Happiness or contentedness?

Photography: Jorge Royan, Argentina

Photography: Jorge Royan, Argentina

I was having dinner one evening with a musician who played keyboards in a beat group for a living. We were talking about writing music and so on. I told him that one of my favourite songs of theirs was entitled ‘What Do You Want From Life?’ This is the final verse: ‘What do you want from life – someone to love and somebody that you can trust? What do you want from life – to try and be happy while you do the nasty things you must?’ This song also has the funniest last line of any ever written; but we’ll not go there until we get to know each other better . . .

Happiness or contentment – what do you want from life?

So, what do you want from life? I never really knew myself – not for the first 35 years anyhow. Then things got a little clearer, but not so as I truly understood my intuited, yet still opaque goal. At the time I was in business, but weirdly, it wasn’t to make pots of money; which was just as well. I sort of stumbled, through chance and necessity, into the commercial world. It was almost as if by accident, more than by intelligent design on my part. Thinking back, it was a bit like Eccles sense of things when Seagoon asked of him ‘What are you doing here?’ Eccles replied: ‘Everybody’s got to be somewhere’.

It seems that when asked what it is that we want from life, most of us end up including the notion of happiness in our response. That is, if we’re not merely content, as Eccles apparently was, to simply ‘be somewhere’. Happiness is a perfectly reasonable, pretty desirable objective – it would be perverse to reject it were it to be readily attainable.  And it frequently is of course, even if only in glimpses – the smile of our children, a canopy of a brilliant blue sky, laughter amongst friends, a fulfilling relationship, or the accomplishment of some important objective perhaps. Yes, we all want some happiness from life.

So what’s the problem with happiness; isn’t it all we need?

Happiness has an aspect of pleasure within it, an aspect of gratification, of joy and a partial if fleeting sense of contentment. In so far as it goes – meaning in so long as it endures – there’s little more we could want in terms of a felt emotion, a felt reality. So what’s the problem with thinking happiness is all we need; why would we want anything more from life? Because it ends. Happiness is transient; it’s also a little dubious in terms of its subjective appreciation. Am I happy? – ‘well, fairly, yes, I think so, pretty happy overall; can’t complain’. You see what I mean? It’s not so obvious an emotion; it has levels to it; we want it, but even when we have it we don’t want it to end; yet it always does.
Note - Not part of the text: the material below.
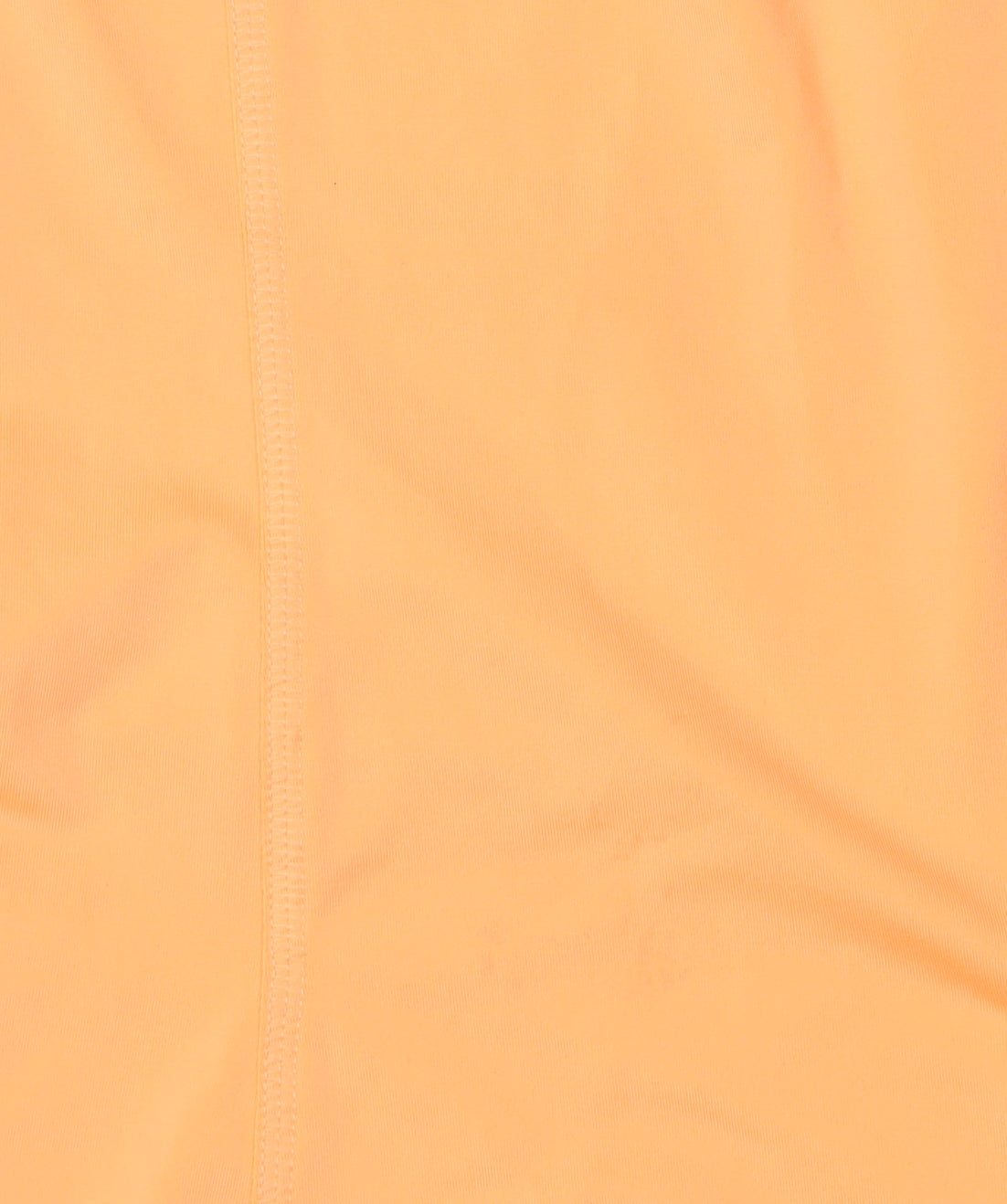 Adidas Womens Orange Tank Top M Athletic Fit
So my take on things, and the reason I work on this site and write elsewhere, is because this answer isn’t really sufficient, accurate or revealing – my take on things is that what we want from life is something beyond a transient and constrained feeling of happiness. What we want, beyond as the song suggested, someone to love and somebody that we can trust, and beyond trying to be happy while we ‘do the nasty things’ we must, is this: What we want from life is to be free of want altogether, to be free of a constant struggle for all transient and ephemeral forms of reward.

To be free of striving and want is fulfilment itself; it’s to rest content

Behind all the self-interested striving, and the vaguely conceived, frequently misguided ambitions for fulfilment, what we want is to rest content in what is. It’s that simple. We want to be free of striving and to rest in acceptance of things just as they are, in a full appreciation that this too will change regardless of our needs, our egocentric desires and aversions. This isn’t giving up; it isn’t a surrendering into a submissive acquiescence. It’s just our own innate wisdom knowing that all the narrow and self-interested fabrications of our minds are never going to prove fulfilling in any ultimate sense.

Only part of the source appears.